Data excerpts:
+++++
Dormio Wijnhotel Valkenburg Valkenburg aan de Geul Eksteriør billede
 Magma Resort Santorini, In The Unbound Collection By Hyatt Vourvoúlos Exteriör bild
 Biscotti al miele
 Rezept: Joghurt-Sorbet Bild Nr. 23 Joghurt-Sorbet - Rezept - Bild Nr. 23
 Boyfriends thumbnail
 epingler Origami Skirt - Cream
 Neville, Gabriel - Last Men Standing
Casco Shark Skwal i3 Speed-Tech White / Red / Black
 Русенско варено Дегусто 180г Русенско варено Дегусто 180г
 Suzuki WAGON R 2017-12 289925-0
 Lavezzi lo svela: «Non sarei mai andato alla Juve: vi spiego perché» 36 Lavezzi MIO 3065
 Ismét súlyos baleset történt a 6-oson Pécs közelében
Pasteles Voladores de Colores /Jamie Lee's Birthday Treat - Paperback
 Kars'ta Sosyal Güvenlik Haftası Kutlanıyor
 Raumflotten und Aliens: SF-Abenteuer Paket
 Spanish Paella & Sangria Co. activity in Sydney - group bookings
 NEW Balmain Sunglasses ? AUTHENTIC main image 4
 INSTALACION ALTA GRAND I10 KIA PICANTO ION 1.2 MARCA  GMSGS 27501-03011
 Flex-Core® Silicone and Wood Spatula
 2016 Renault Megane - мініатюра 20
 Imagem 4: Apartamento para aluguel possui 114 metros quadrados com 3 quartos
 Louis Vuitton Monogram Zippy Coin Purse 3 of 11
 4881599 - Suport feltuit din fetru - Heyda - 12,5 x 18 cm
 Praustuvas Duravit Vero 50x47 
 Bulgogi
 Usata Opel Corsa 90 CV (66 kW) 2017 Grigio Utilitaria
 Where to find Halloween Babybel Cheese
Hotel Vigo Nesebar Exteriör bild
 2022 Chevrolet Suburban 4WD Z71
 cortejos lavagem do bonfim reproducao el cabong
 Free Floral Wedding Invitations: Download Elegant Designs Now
+++++
Exercise instructions:
In the records, find every line that has the string "Exteriör" and copy it.

Solution for this exercise:
 Magma Resort Santorini, In The Unbound Collection By Hyatt Vourvoúlos Exteriör bild
Hotel Vigo Nesebar Exteriör bild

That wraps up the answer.